Before long Uncle Burley began to sing. He’d gather a fork load of hay and as he lifted it onto the shock sing, “Ohhhhhhh, ‘down along the woodland . . .’ ” And as he strained at the fork again: “Ohhhhhhh, ‘through the hills and by the shore . . .’ ”
“You must be happy,” Daddy said.
“I was thinking about the good old days,” Uncle Burley said, “when I was a teamster for Barnum and Bailey’s circus. You didn’t know about that, did you?”
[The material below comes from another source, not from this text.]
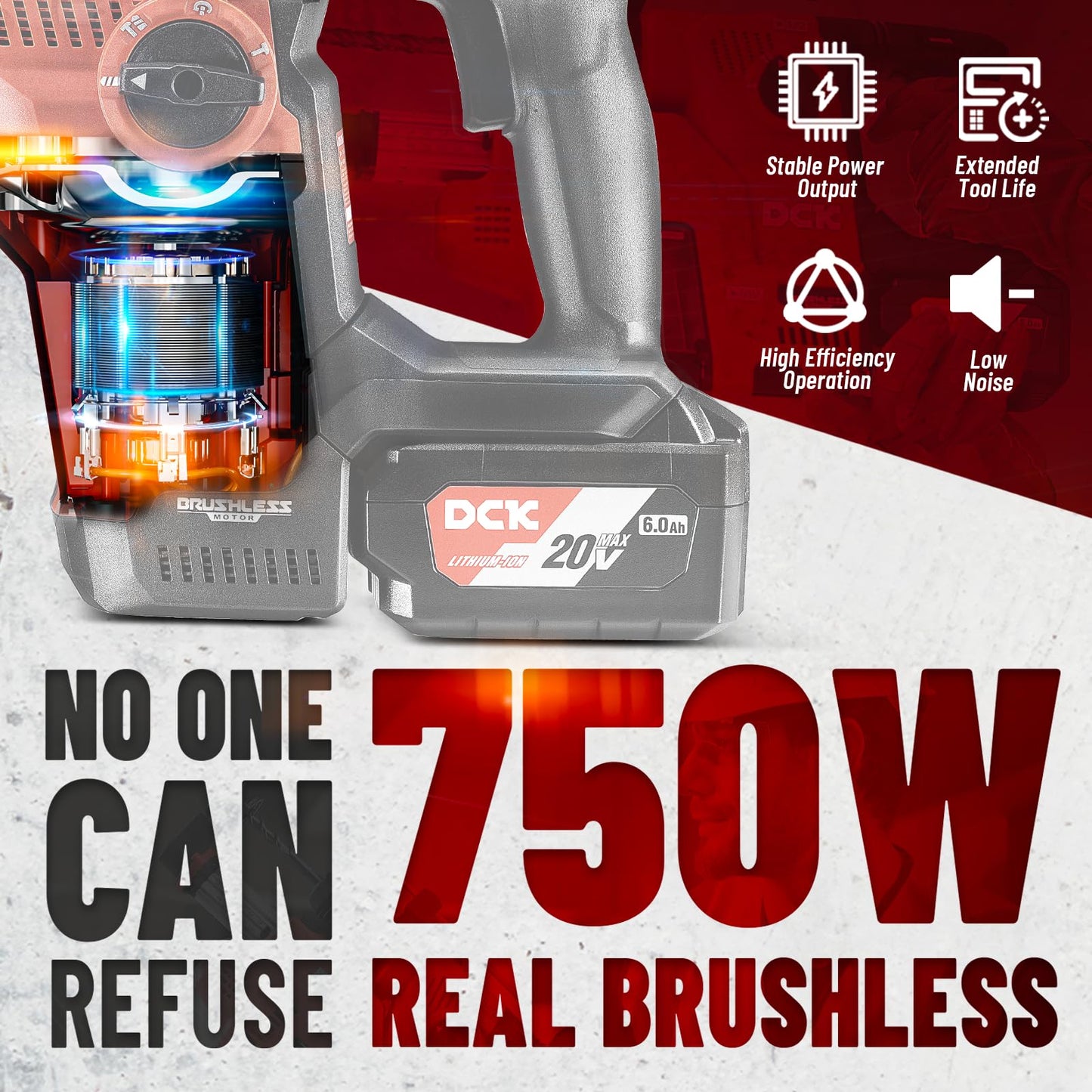 DCK 20V Cordless Rotary Hammer with Dust Collector, 15 in³ Dust Collection Box, 5-Inch Stroke, 2.8J Impact Energy, Brushless SDS Plus Hammer Drill with 6Ah Battery 4A Charger 4 Drill Bits 2 Chisels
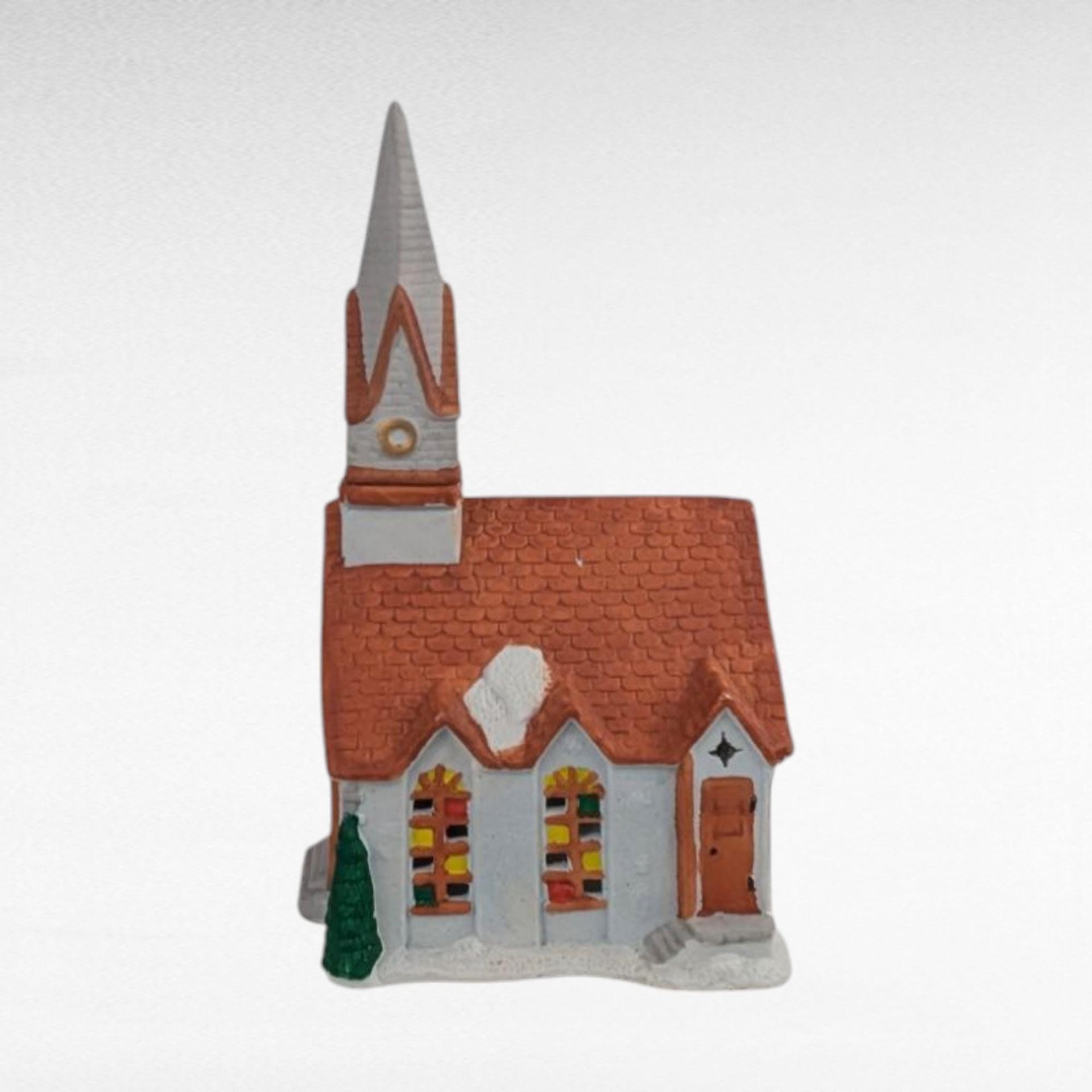 1989 Rex and Lee Ceramic Church Building, Vintage Village Display Piece, Hand-Painted Church Decor, Holiday Village Addition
“Never heard of it before,” Daddy said.
Uncle Burley had invented the story about driving a team for Barnum and Bailey to tell to Brother and me when we were little, and all of us had heard it a hundred times. But when the work got hard he’d usually tell it again to make us laugh, and because he enjoyed hearing it himself. He said he’d driven a team of eight black horses with silver harness and red plumes on their bridles. His team had drawn the calliope at the head of all the parades, and it had been a glorious sight. He told about the girl bareback riders on their white horses and the tightrope walkers and the trapeze men and the lion tamers. Finally he got fired, he said, because he whipped one of the elephants singlehanded in a fair fight. He tied the elephant’s trunk to his tail and ran him around in a circle until he passed out from dizziness. Barnum and Bailey told him that he was the best teamster they’d ever had, but they just couldn’t stand for him mistreating their elephants.
Daddy said he supposed it must make Uncle Burley awfully sad at times to have such fine memories of his past.
Uncle Burley shook his head. “I tell you, back in those days when I had three flunkies to polish my black boots and brush my red forked-tail coat, I never would have believed that I’d end up here, sweating on the handle of a pitchfork. It’s enough to make a grown man cry.”
While we worked Grandpa sat in the shade at the edge of the field, nodding off to sleep, and waking up to carry us a fresh jug of water when we needed one.
“Look at him sleep,” Uncle Burley said. “He’s living the good life, ain’t he? When I get that old I want somebody to wake me up every once in a while just so I can go back to sleep again.”
“I reckon so,” Daddy said.
“I reckon so. Sleep and fish. That’s all I’ll do. I’ll switch back and forth from maple shade to sycamore shade. And when it’s chilly I’ll sleep in the sun.”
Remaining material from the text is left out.